Being on a textile adventure in one of the most desirable weaving spots of the world, there’s simply no time to waste in seeking out handwoven, artisan-made silk scarves and other accessories. I didn’t have far to go from the hotel either, just wandered a bit until I saw the sign, a simple but elegant one, inscribed with Lao Textiles, Carol Cassidy.
Behind the entrance gate sat a refurbished French colonial mansion, three blocks from the Mekong River in downtown Vientiane, the capital of Laos, and home to one of the first commercial weaving workshops.
About Carol Cassidy and Lao Textiles
Laos Textiles is owned and operated by American-born Carol Cassidy. In this beauty of a building and property is her workshop, studio, and gallery. Working here is about fifty staff doing the spinning, dyeing, weaving and finishing of the all-silk, contemporary woven art for which she specializes.
Carol has been weaving since she was seventeen years old, having trained in Finland and Sweden. She’s worked as a textile expert in almost every continent from America to Africa, and arrived in Laos in 1989. Just a year later, Lao Textiles opened in the present location. The former living and dining areas were converted into showrooms with beautifully appointed, finely woven panels, pillows, runners, and more—many decorated with stylized animist motifs.
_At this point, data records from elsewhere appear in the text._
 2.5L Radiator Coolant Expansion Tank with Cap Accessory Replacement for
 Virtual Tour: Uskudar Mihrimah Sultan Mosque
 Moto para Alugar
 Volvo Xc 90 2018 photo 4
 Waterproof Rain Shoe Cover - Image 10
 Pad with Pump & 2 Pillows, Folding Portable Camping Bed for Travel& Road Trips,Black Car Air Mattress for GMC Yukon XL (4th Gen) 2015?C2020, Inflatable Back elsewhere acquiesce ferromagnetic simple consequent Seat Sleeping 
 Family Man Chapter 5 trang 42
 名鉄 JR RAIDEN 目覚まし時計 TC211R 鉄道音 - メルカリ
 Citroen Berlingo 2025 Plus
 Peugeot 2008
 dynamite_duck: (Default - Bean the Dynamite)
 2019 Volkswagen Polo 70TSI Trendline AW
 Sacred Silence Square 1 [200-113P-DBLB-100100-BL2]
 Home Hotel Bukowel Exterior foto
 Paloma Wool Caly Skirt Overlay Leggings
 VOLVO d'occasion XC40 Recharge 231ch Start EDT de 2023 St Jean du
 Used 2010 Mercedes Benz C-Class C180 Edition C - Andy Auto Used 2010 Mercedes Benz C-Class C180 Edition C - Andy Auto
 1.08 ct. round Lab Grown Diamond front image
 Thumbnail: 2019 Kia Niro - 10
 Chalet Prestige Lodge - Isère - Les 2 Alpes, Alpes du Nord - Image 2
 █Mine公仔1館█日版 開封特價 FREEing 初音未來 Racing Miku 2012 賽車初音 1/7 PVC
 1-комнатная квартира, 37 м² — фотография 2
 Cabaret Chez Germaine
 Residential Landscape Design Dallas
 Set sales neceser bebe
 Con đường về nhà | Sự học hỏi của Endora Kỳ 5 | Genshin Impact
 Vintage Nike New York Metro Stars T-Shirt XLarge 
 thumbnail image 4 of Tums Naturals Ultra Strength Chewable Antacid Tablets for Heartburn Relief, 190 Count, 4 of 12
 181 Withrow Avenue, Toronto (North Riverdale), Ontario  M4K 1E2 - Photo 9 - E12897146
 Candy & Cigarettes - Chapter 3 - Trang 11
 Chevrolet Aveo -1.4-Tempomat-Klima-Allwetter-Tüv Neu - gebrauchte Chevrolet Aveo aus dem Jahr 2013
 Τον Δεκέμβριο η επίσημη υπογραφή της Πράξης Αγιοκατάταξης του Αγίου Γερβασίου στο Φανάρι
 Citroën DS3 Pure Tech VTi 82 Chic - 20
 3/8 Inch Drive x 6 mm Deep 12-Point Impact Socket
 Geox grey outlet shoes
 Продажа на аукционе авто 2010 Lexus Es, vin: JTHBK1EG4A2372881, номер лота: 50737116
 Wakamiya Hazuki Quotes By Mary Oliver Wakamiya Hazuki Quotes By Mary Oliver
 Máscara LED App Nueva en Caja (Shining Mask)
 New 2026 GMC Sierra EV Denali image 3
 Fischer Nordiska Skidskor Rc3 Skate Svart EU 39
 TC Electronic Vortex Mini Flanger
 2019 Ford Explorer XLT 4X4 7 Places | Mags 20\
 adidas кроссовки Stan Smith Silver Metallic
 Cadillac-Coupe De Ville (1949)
I soon learned that animal and mythical-creature motifs are frequently used in Cassidy’s designs–a particular favorite being the Naga, the river serpent, a mythological water serpent with unparalleled benevolent powers.
An Inspired Story of Silken Stripes
Perhaps the Naga’s benevolence was at work as I was quickly enticed by each silken piece. Then, out of the corner of my eye, I saw vivid colors with patterns that were a far cry from Lao symbolism. Tucked away in an alcove room were stacks of striped silk scarves. At first glance, it appeared they were repetitious in coloring and sequencing, but I was wrong. Most of the scarves were unique in their striping pattern—some had narrow banding against a solid background, others were wider striped throughout containing twenty to thirty colors. Each one was a jewel in itself.
Carol peaked into the room and saw my pile starting to form. Her story unraveled about her visit to Cambodia in 1998, and meeting women who were land mine survivors, disabled, or had lost their husbands from the exploding land mines. They all needed a livelihood. So what seemed a natural outgrowth of Lao Textiles was to establish a weaving center in Preah Vihear– she now employs over fifty spinners, dyers, weavers and finishers. This project contributes to sustainable income for the artisans. It’s generated income for the community to build homes, add clean water, and for children to go through school.